------ Source information ------

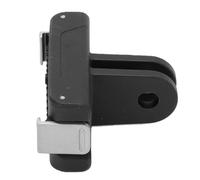 Camera Magnetic Arrow Storage Case Base with Shock Absorption for OSMO ACTION 6 and Nano Hiking Accessories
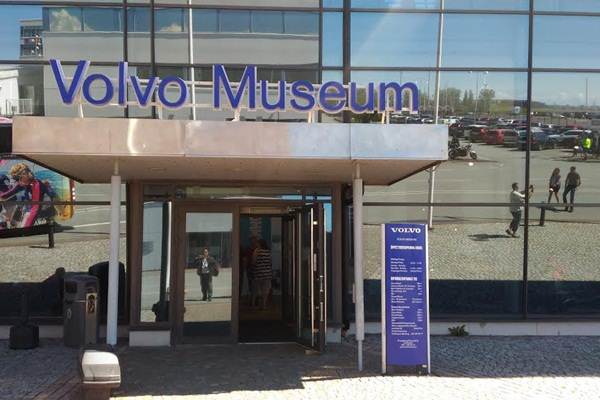  Museum Volvo: Dari Laher hingga Mobil Lego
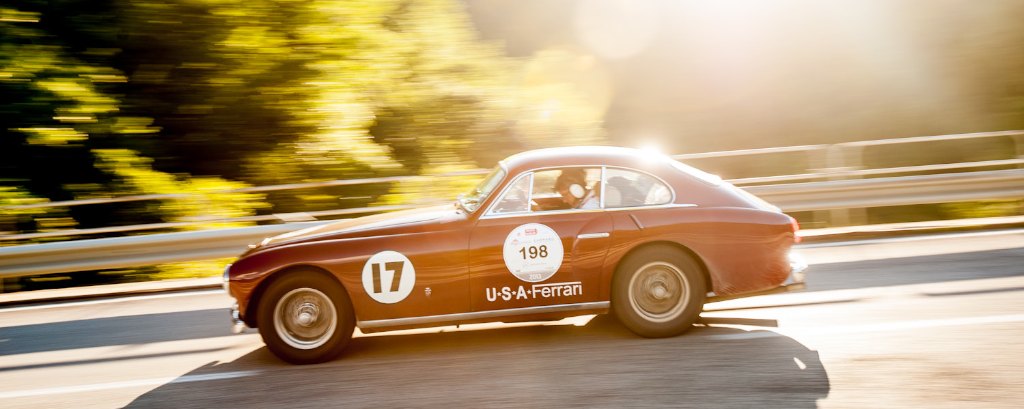 1951 Ferrari 340 America SAMUEL SZEPETIUK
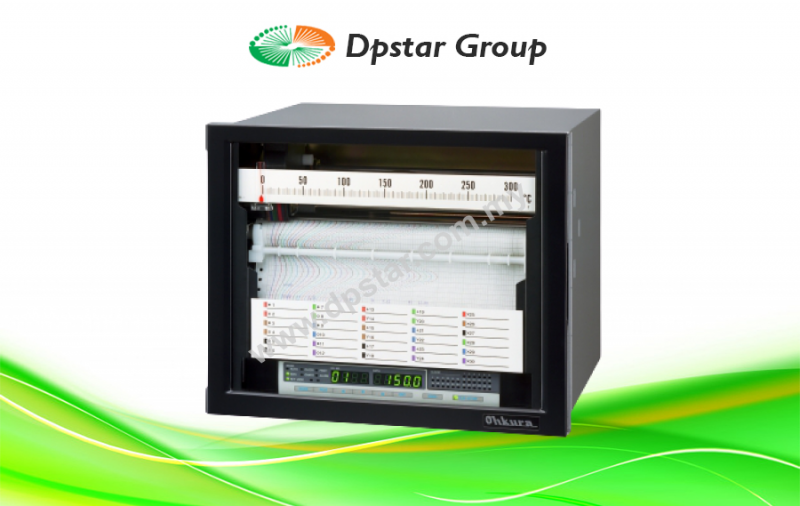Hybrid Recorder - Ohkura RM25G (N)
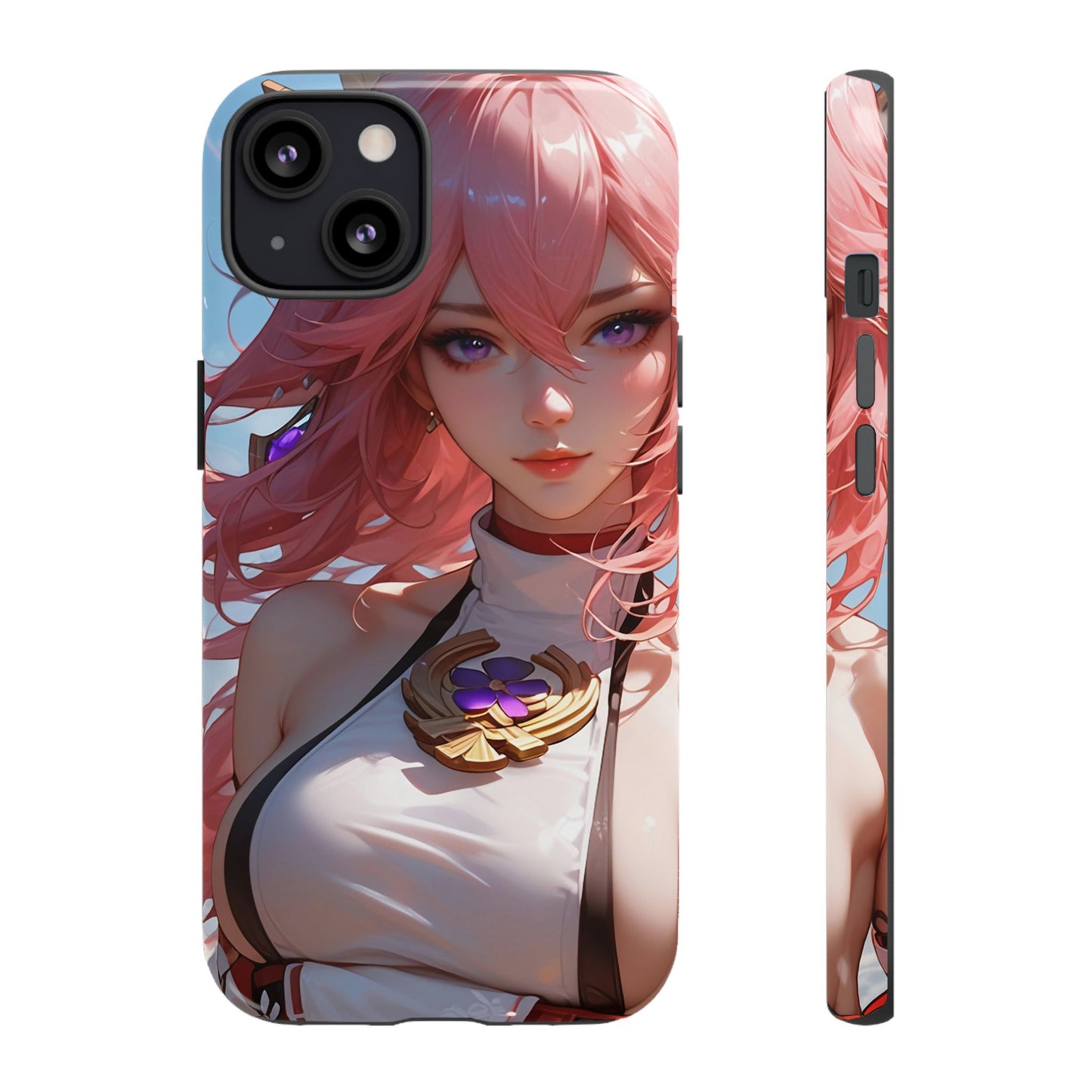 Yae Miko 002 Tough Cases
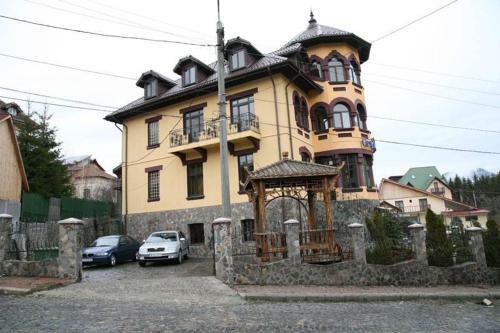 Hostal Pension Casa Dunarea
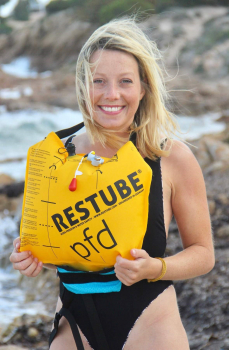 Restube pfd - CE certified buoyancy aid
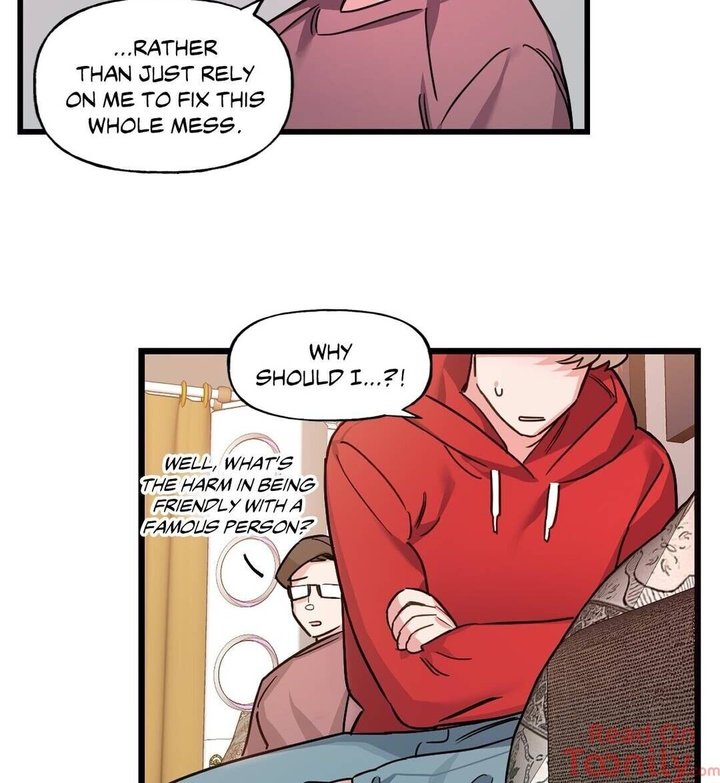 Keloid Chapter 32 Page 18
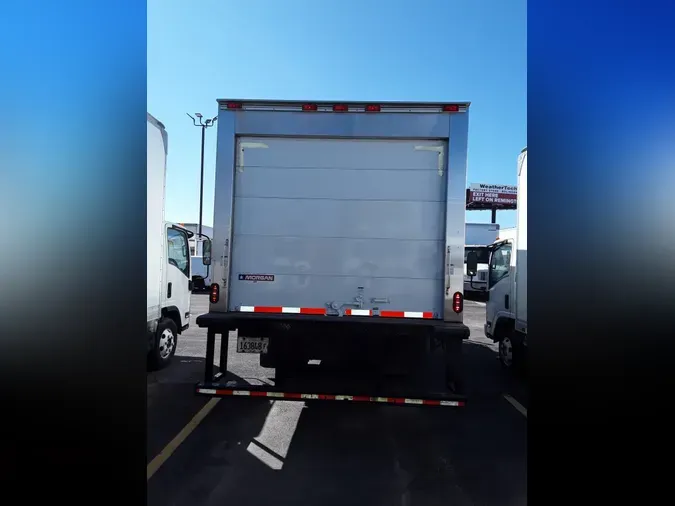 2020 CHEVROLET MOTOR DIV. LCF 4500XD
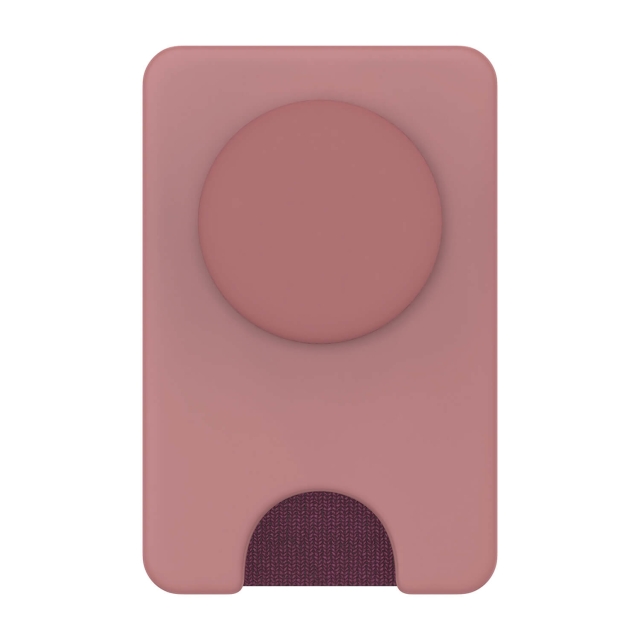 PopSockets Plånbok Popwallet För Magsafe Clay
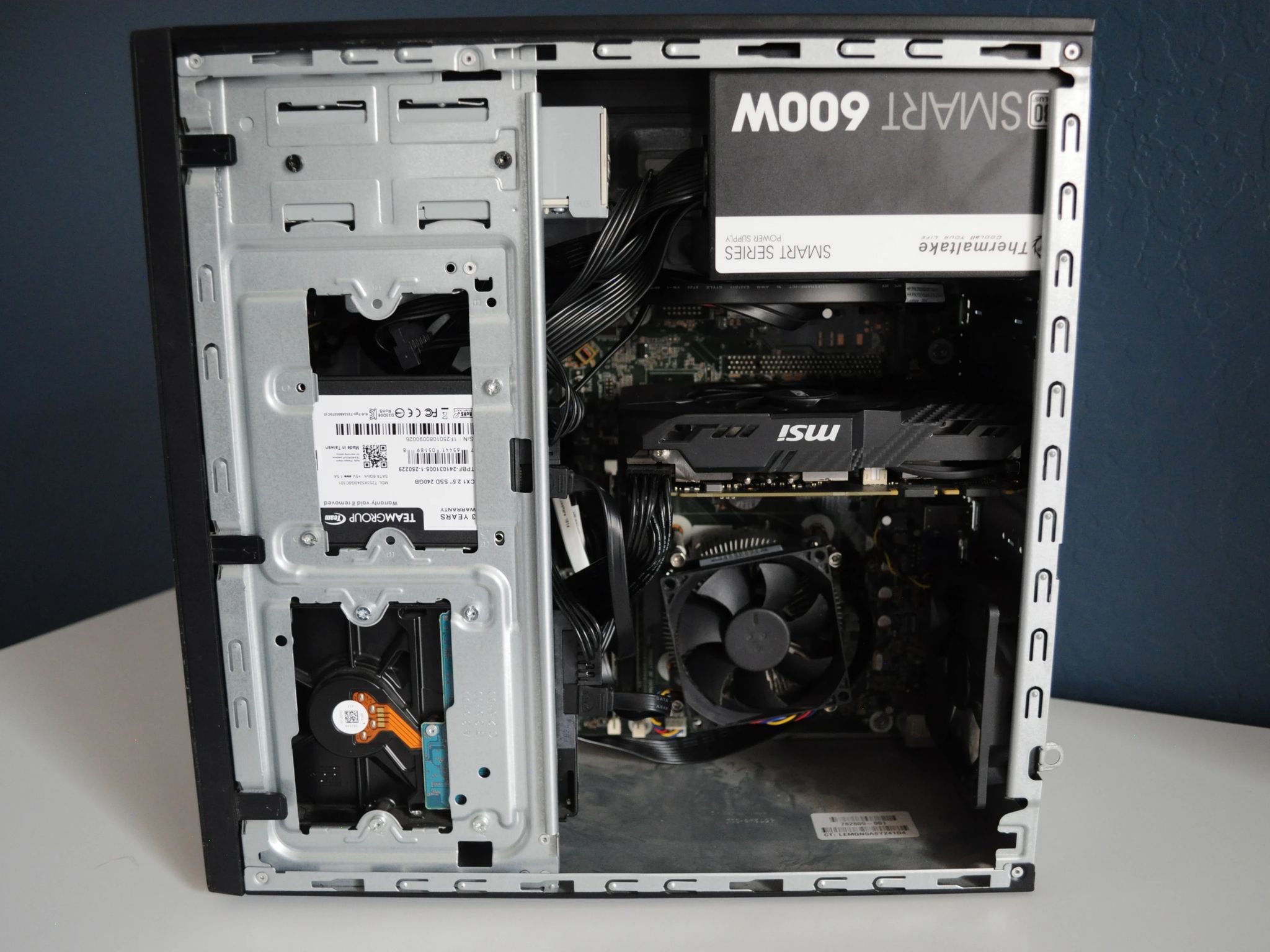 Value Gaming PC 1080P GTX 1070 4TH Gen i7 16GB RAM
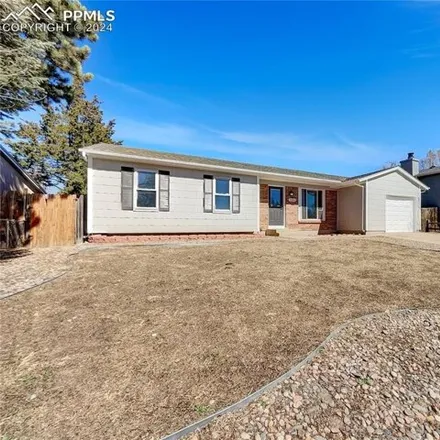 Image 5 - 4452 Melville Drive, Colorado Springs, CO 80916, USA - House for sale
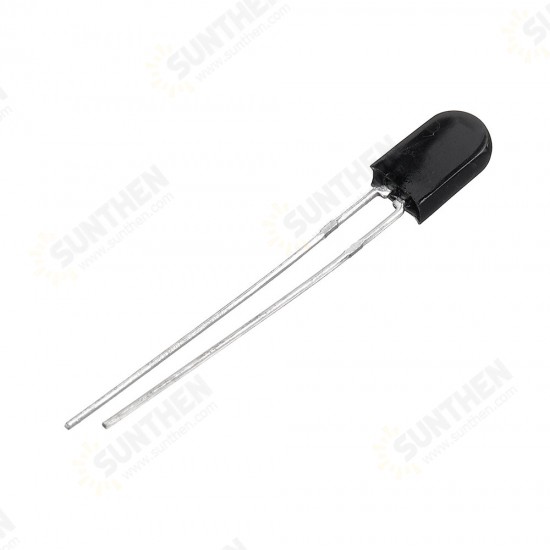 IR533C PT534-6B Flat 5mm Wavelength 940nm Top-view Infrared Transmitter and Receiver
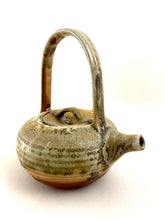 Load image into Gallery viewer, Wood Fired Tea Set #3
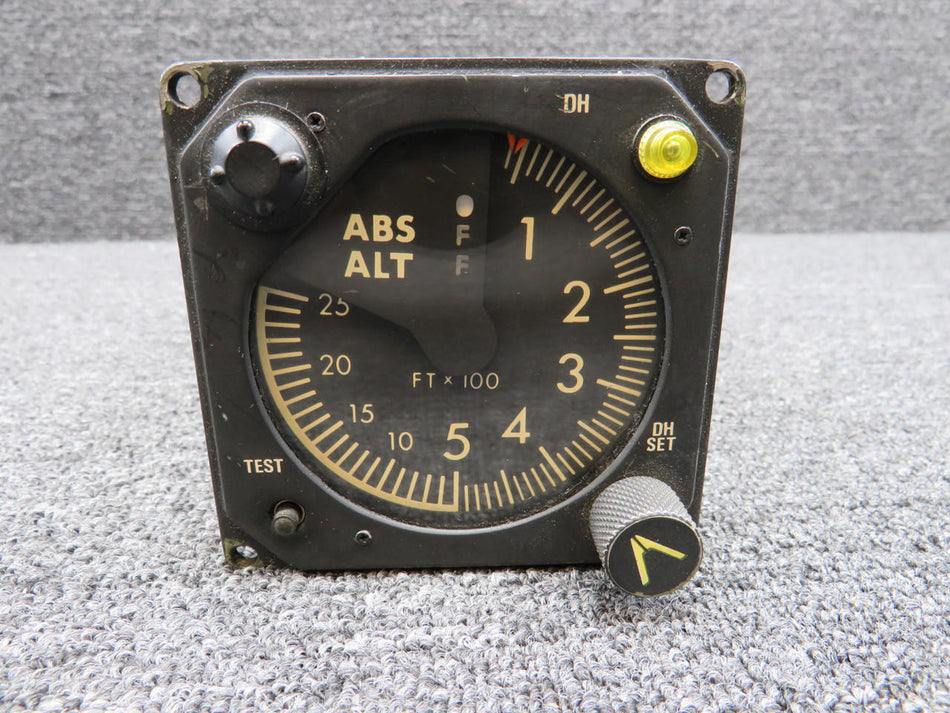Sperry 4031608-901 Sperry RA-100A Radio Altimeter Indicator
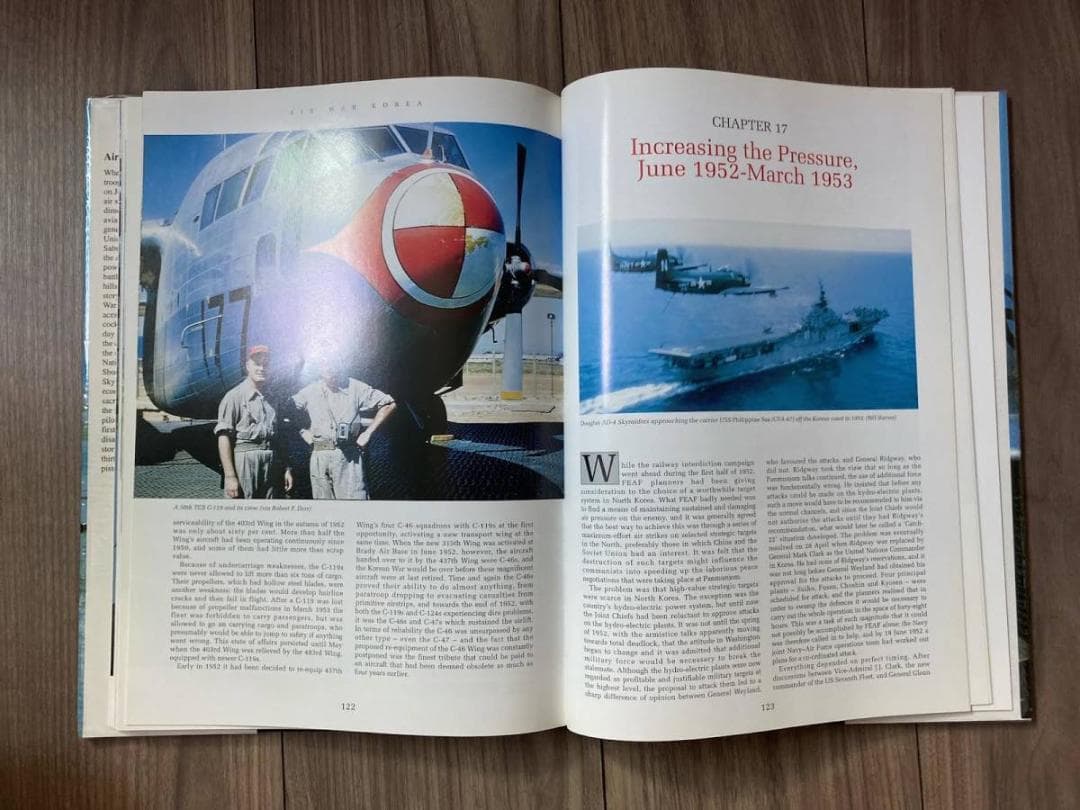朝鮮戦争 航空戦 AIR WAR KOREA 1950-1953 洋書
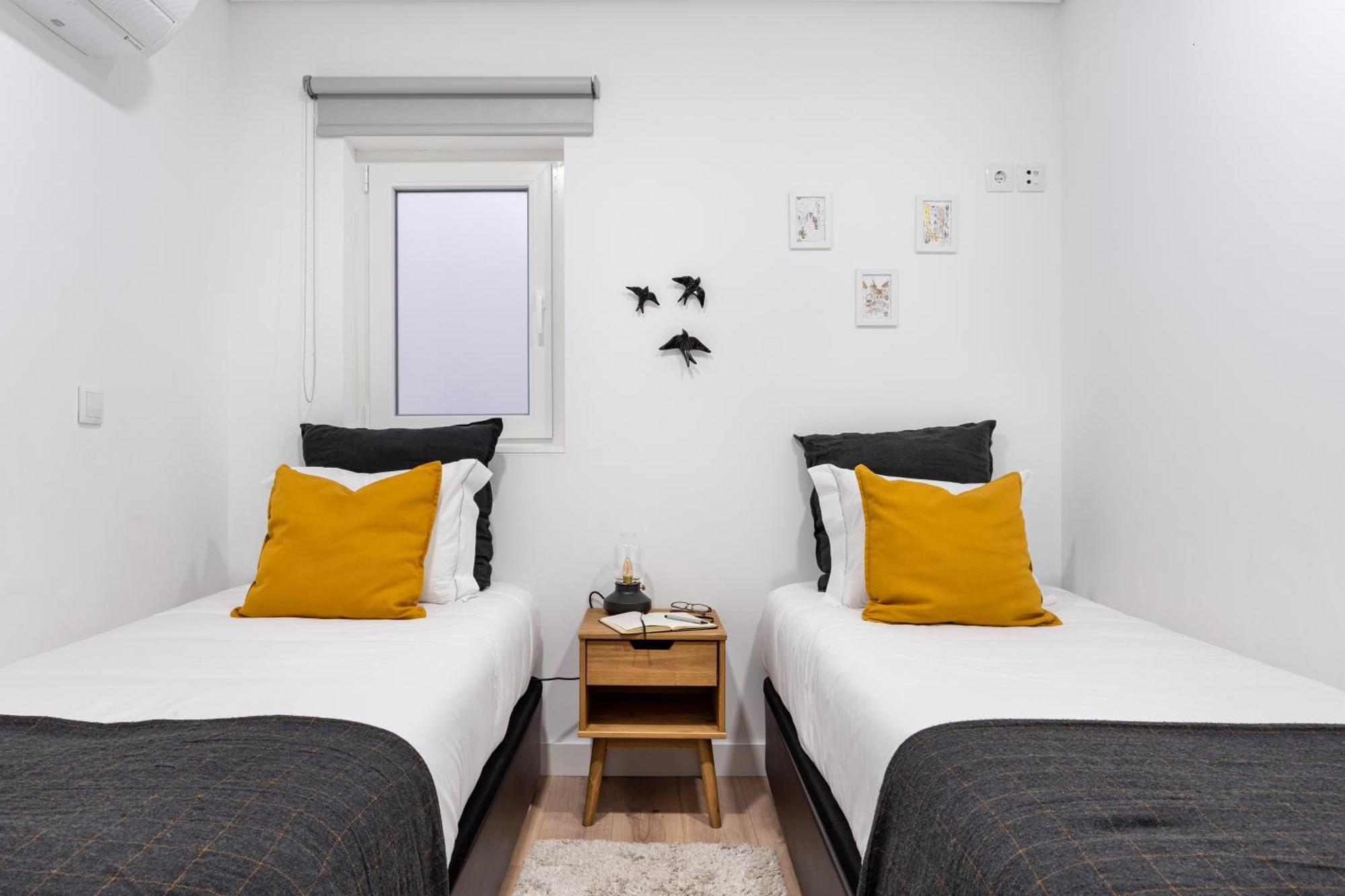 Joivy Elegant Escape-stylish 2br By Metro *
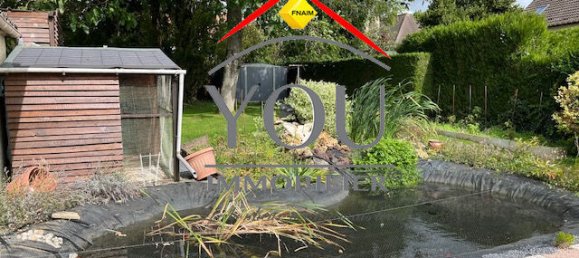 Casa de 3 dormitorios en Crouy-en-Thelle, France No. 94522 9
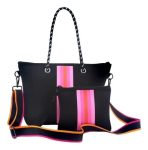 Cartera De Hombro Summy Estilo Tote - Imagen 6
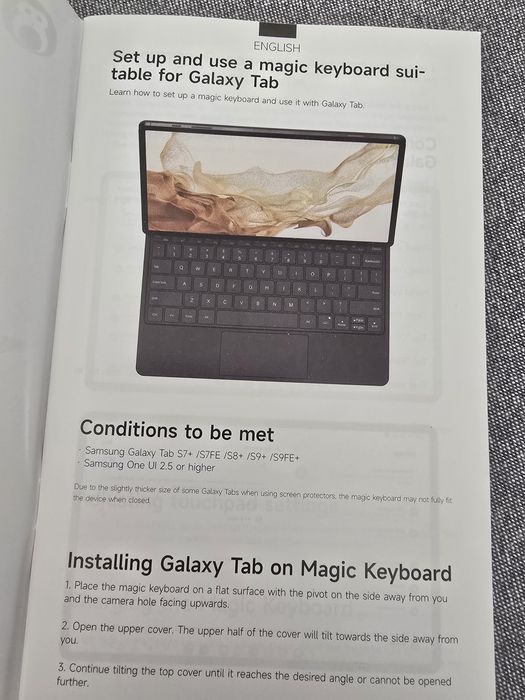 Capa para Tablet Samsung galaxy tab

------

Task
Write out exactly the lines above between the one with "Value Gaming PC" and the one with "Cartera De Hombro", inclusive, with pictures left out.

Answer for this exercise
 Value Gaming PC 1080P GTX 1070 4TH Gen i7 16GB RAM
 Image 5 - 4452 Melville Drive, Colorado Springs, CO 80916, USA - House for sale
 IR533C PT534-6B Flat 5mm Wavelength 940nm Top-view Infrared Transmitter and Receiver
 Load image into Gallery viewer, Wood Fired Tea Set #3
Sperry 4031608-901 Sperry RA-100A Radio Altimeter Indicator
朝鮮戦争 航空戦 AIR WAR KOREA 1950-1953 洋書
 Joivy Elegant Escape-stylish 2br By Metro *
 Casa de 3 dormitorios en Crouy-en-Thelle, France No. 94522 9
 Cartera De Hombro Summy Estilo Tote - Imagen 6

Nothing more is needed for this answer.